The Management posted:

hardware is just software that's been etched into silicon. it's just as buggy. and it turns out that if you wait long enough, all hardware bugs become software's problem so #yolo

yeah, fairly often i come across people who think hardware isn't buggy. i don't know whether to laugh or drink

Cybernetic Vermin
Apr 18, 2005

Qwertycoatl posted:

yeah, fairly often i come across people who think hardware isn't buggy. i don't know whether to laugh or drink

they go together really well

also: a really fun thread for people like me, who knows very little about this at depth despite being strangely invested in it for several decades

Suspicious Dish
Sep 24, 2011

2020 is the year of linux on the desktop, bro
Fun Shoe
also please remember that gamers suck. they are extremely gullible to marketing while barely understanding what game developers actually do.

gamers generally have a lot of misconceptions about how graphics and gpus actually work because marketing for these companies relies on tricking people into thinking "numbers and specs matter"

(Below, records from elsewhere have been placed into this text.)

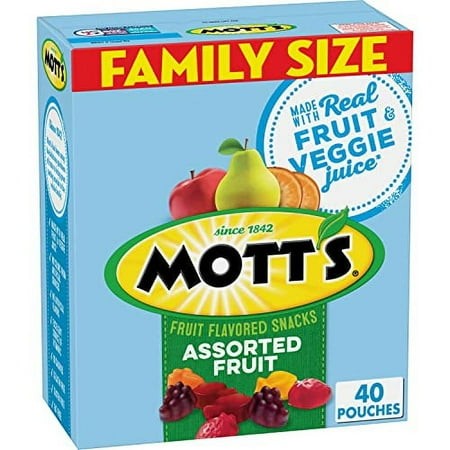 Mott S Fruit Flavored Snacks  Assorted Fruit  Pouches  0.8 Oz  40 Ct
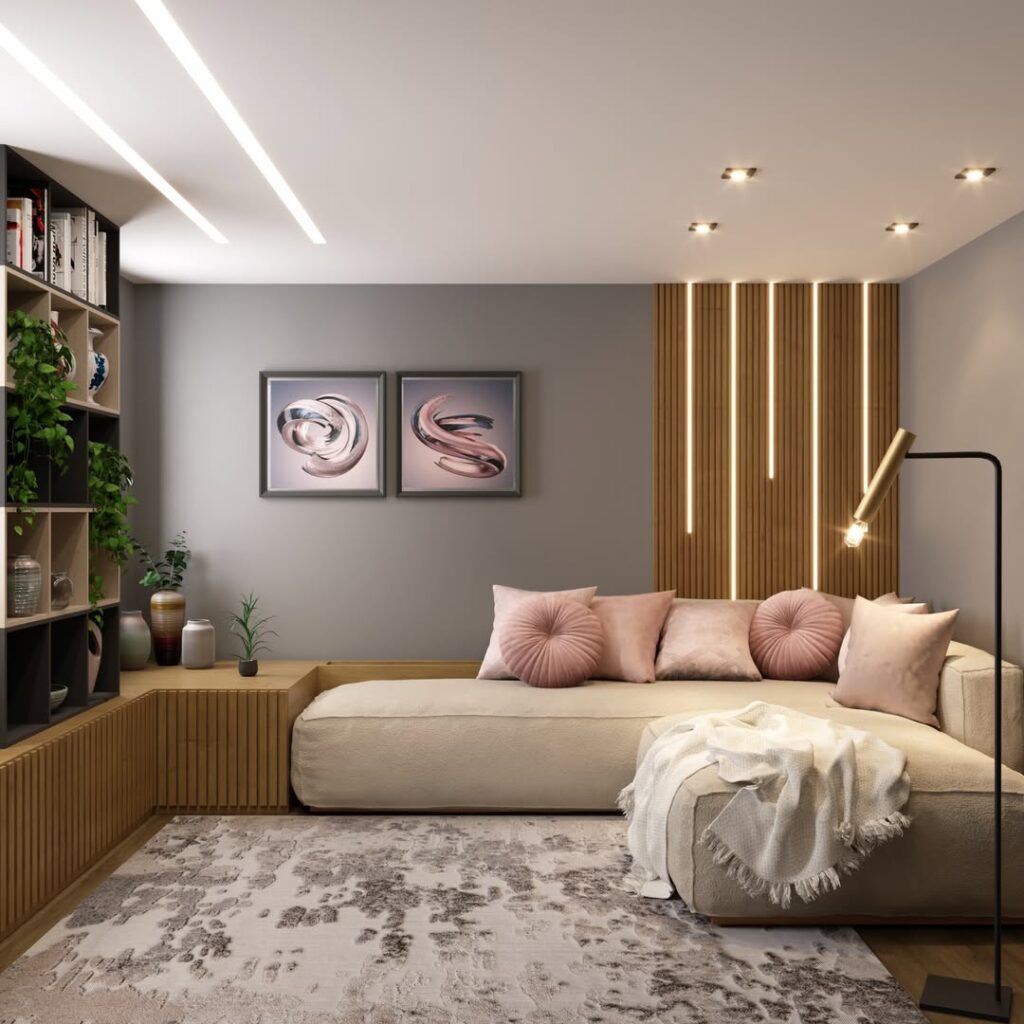 Sala com sofá em L, luminária de piso, painel ripado com led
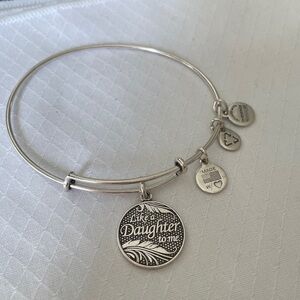 Alex and Ani Silver toned Like a Daughter to Me Expandable Bangle Bracelet. EUC.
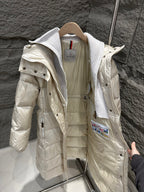 Off-white Moncler long puffer coat with hood, front zipper, and quilted panels
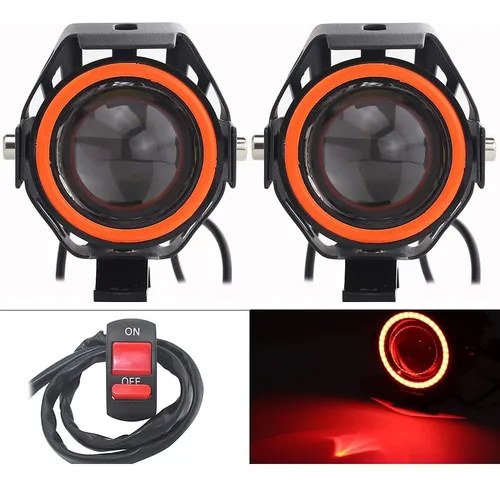 Фари прожектори для мотоцикла U7 LED 12В 3000лм Angel Eyes червоні і кнопка Київ - фото 1
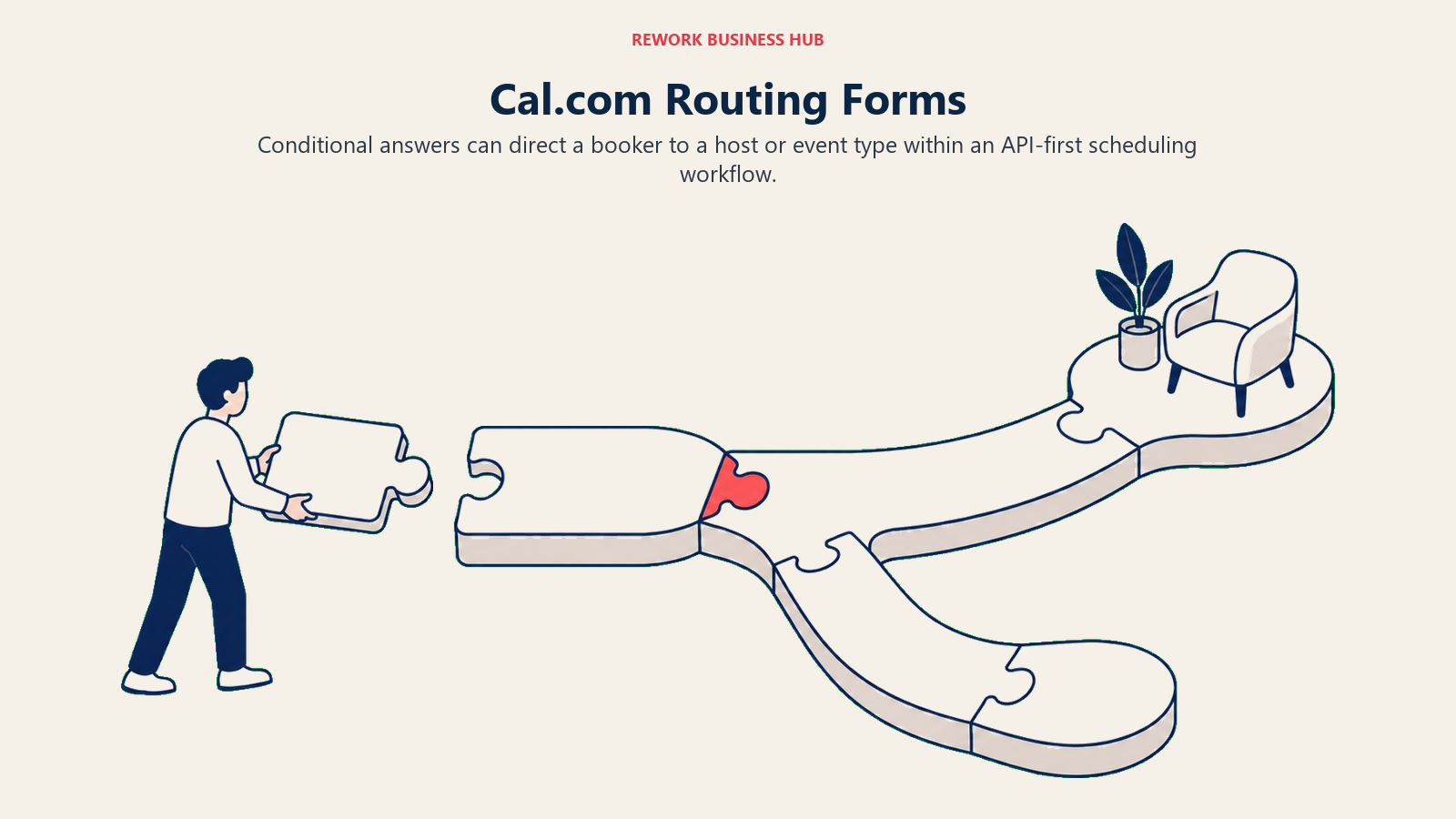 Cal.com Routing Forms: A broad configurable path assembled from three large rounded puzzle-like sections; an incoming blank form tile fits a shaped junction and opens one route toward a host's chair.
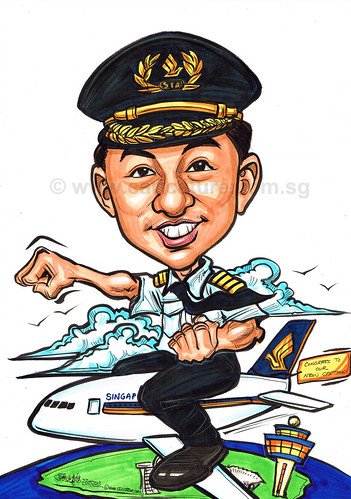 captain caricature for Singapore Airlines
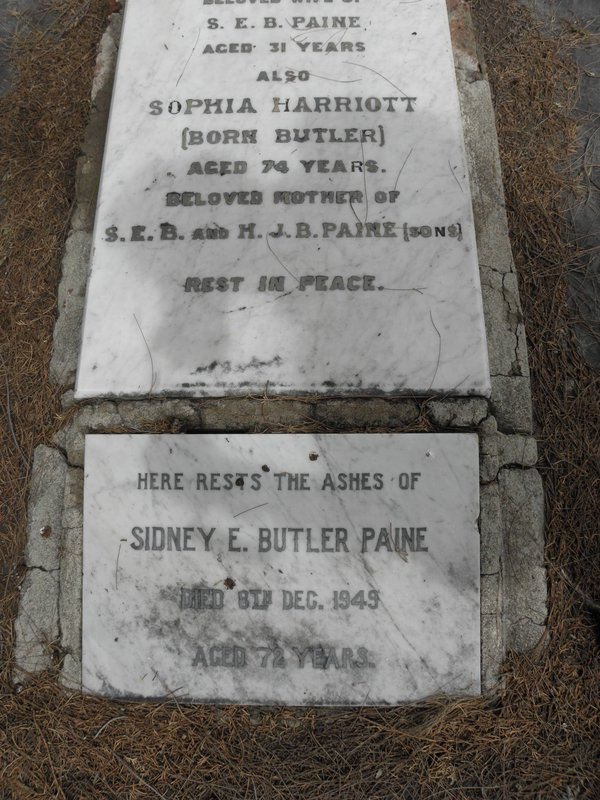 PAINE Ada nee GARNHAM :: PAINE Sophia Harriott nee BUTLER :: PAINE Sidney E. Butler -1949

nvidia absolutely loves when /r/pcmasterrace continues to spew garbage about gigabit clock speeds and the number of smx per sli slot because they can sell more things to more idiots but it makes it hard to figure out how any of this poo poo actually works.

in a well actually
Jan 26, 2011

dude, you gotta end it on the rhyme

lancemantis posted:

so i was doing some ML stuff at work and we have a bunch of servers with as many titans as we can fit/buy at the time because there are shortages shoved into them for this purpose

outside of the display card, OSes and GPGPU libraries have no real concept of handling scheduling so processes can't share cards; if someone starts using one they're going to bogart the whole thing no matter what they're doing

this is really great in a research environment because people love repls and jupiter notebooks so they will hold onto cards even when their program is doing absolutely nothing

i used to have a script to grab a card and loop forever on demonstration days so I wouldn't be surprised by finding no free resources

tell your server monkeys to use nvidia-smi to set compute mode to default/shared instead of exclusive (usually will make things worse when inexperienced people are actually using the cards; welcome to the social)

fritz posted:

it's so horrible

i wonder how the big hpc systems do it

for big centers the minimum scheduled increment is usually the node gently caress you doing there if you need less than a thousand
midsize centers usually have some workload software that does moderate fuckery to split up nodes and gpus per user

Powerful Two-Hander
Mar 10, 2004

Mods please change my name to "Tooter Skeleton" TIA.


The Management posted:

hardware is just software that's been etched into silicon. it's just as buggy. and it turns out that if you wait long enough, all hardware bugs become software's problem so #yolo

wait so what you're saying is as a gpu you either die as a villain or are patched enough to be a hero?

ADINSX
Sep 9, 2003

Wanna run with my crew huh? Rule cyberspace and crunch numbers like I do?

Beast of Bourbon posted:

the biggest of the big games might have direct support from amd/nvidia but when i was working on some AAA "big" games but not like...super mega huge, we'd have an nvidia or amd rep come by the studio with a handful of new cards and be like "hey can you give these to the graphics guys to make sure they all work with your, here's my business card, let me know if you guys want to do a marketing promo or something"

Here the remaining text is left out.